● **SOURCE INFORMATION**:
• • • • • • •
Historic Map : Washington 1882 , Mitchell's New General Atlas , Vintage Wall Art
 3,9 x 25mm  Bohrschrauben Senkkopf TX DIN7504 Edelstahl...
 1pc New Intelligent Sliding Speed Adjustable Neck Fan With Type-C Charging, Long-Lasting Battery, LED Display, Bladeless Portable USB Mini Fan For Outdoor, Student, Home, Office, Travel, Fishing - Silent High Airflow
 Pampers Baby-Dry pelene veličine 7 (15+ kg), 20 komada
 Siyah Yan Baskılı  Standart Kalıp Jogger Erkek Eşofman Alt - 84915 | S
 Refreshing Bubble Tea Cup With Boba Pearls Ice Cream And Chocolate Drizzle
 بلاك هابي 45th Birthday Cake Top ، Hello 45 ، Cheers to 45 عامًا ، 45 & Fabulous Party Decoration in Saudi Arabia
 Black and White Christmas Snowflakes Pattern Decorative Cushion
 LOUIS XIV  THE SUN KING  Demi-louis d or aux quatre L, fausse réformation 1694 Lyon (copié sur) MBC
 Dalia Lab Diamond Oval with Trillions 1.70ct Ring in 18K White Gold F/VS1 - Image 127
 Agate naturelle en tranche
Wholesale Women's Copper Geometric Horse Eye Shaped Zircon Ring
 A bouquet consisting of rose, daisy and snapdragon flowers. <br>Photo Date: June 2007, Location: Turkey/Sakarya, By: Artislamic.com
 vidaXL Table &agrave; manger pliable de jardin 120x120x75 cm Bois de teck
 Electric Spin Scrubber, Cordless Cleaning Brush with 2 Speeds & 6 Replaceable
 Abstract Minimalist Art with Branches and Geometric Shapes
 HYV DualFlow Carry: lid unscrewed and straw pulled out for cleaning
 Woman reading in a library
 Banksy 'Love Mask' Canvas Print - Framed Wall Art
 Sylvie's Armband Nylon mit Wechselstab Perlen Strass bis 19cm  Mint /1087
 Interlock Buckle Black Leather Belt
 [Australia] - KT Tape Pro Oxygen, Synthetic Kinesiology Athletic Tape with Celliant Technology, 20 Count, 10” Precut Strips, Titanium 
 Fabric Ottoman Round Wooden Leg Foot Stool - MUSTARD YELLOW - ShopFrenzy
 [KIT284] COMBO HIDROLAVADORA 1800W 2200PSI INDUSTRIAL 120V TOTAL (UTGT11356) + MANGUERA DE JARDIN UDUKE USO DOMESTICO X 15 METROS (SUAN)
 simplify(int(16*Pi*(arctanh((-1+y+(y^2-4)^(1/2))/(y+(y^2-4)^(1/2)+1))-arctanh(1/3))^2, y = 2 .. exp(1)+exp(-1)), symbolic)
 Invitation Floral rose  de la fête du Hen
• • • • • • •
● **TASK DETAILS**:
Search the listing above for the lines with "Agate naturelle en tranche" and "Fabric Ottoman Round", then output those lines and all lines between them exactly.

● **TASK RESPONSE**:
 Agate naturelle en tranche
Wholesale Women's Copper Geometric Horse Eye Shaped Zircon Ring
 A bouquet consisting of rose, daisy and snapdragon flowers. <br>Photo Date: June 2007, Location: Turkey/Sakarya, By: Artislamic.com
 vidaXL Table &agrave; manger pliable de jardin 120x120x75 cm Bois de teck
 Electric Spin Scrubber, Cordless Cleaning Brush with 2 Speeds & 6 Replaceable
 Abstract Minimalist Art with Branches and Geometric Shapes
 HYV DualFlow Carry: lid unscrewed and straw pulled out for cleaning
 Woman reading in a library
 Banksy 'Love Mask' Canvas Print - Framed Wall Art
 Sylvie's Armband Nylon mit Wechselstab Perlen Strass bis 19cm  Mint /1087
 Interlock Buckle Black Leather Belt
 [Australia] - KT Tape Pro Oxygen, Synthetic Kinesiology Athletic Tape with Celliant Technology, 20 Count, 10” Precut Strips, Titanium 
 Fabric Ottoman Round Wooden Leg Foot Stool - MUSTARD YELLOW - ShopFrenzy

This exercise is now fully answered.